Especial 10 anos do "Brasil de Fato"
“Militância é ação”
Viúva de Carlos Marighella, a militante Clara Charf relembra os 87 anos de uma vida que se confunde com a história da política nacional
23/01/2013
Aline Scarso,
da Reportagem
A militante comunista Clara Charf
Foto: Secretaria de Políticas para as Mulheres
Com 87 anos, Clara Charf tem em sua biografia duas ditaduras vividas e a convivência com personalidades históricas como Luís Carlos Prestes, Gregório Bezerra, João Amazonas e Jorge Amado. Estima ter vivido quase vinte anos de forma clandestina, junto com o marido Carlos Marighella, época em que acumulou vários nomes.
O mais conhecido, Marta Santos, lhe rendeu seis meses de prisão. “Eu não queria falar meu nome de jeito nenhum. Só falei quando o Partido Comunista exigiu para que pudessem impetrar o habeas corpus para mim já que Marta Santos não existia”, conta, rindo.
Clara havia sido presa durante o segundo governo de Getúlio Vargas (1951-1954), com uma mala cheia de livros marxistas, que seriam usados para montar um curso de formação política para os ferroviários de Campinas. Quando foi detida, tentou inventar uma história de um tratamento médico no interior que lhe daria muito tempo livre para a leitura. Não colou. Ficou a maior parte do tempo do cárcere em solitária.

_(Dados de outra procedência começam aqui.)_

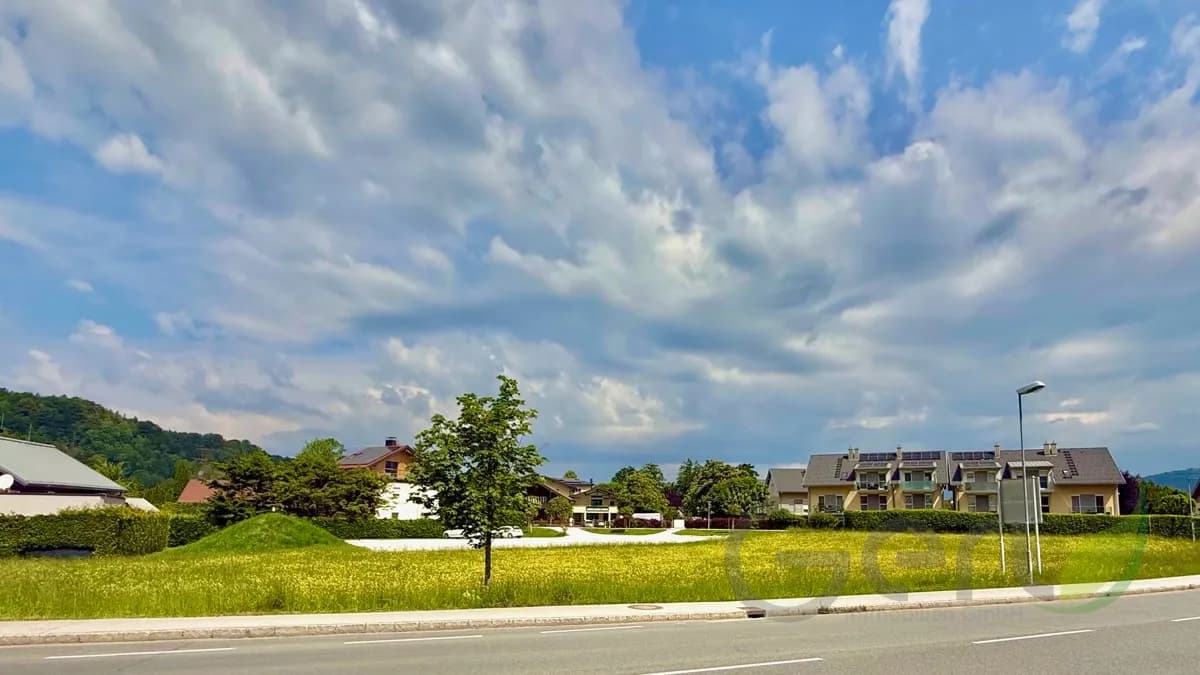 Grundstück kaufen in Hallein – 2 300 m², € 3.500.000 – Bild 2 von 8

Clara nasceu em 1925 em uma família de judeus pobres. Mudou-se de Maceió para Recife menina. Perdeu a mãe ainda adolescente. O pai não gostava da ideia de que os três filhos se metessem em política com receio de que fossem presos, mas com ela não conseguiu efeito algum.
“Desde 1945, eu fui despertando para a ação”, conta. Mas quem é Clara Charf como militante política? Nas palavras modestas delas, “uma militante como outra qualquer”. E explica: “Para mim a militância política é a compreensão dos problemas sociais e ação. Não existe militante não ativo, militar é fazer, é intervir”.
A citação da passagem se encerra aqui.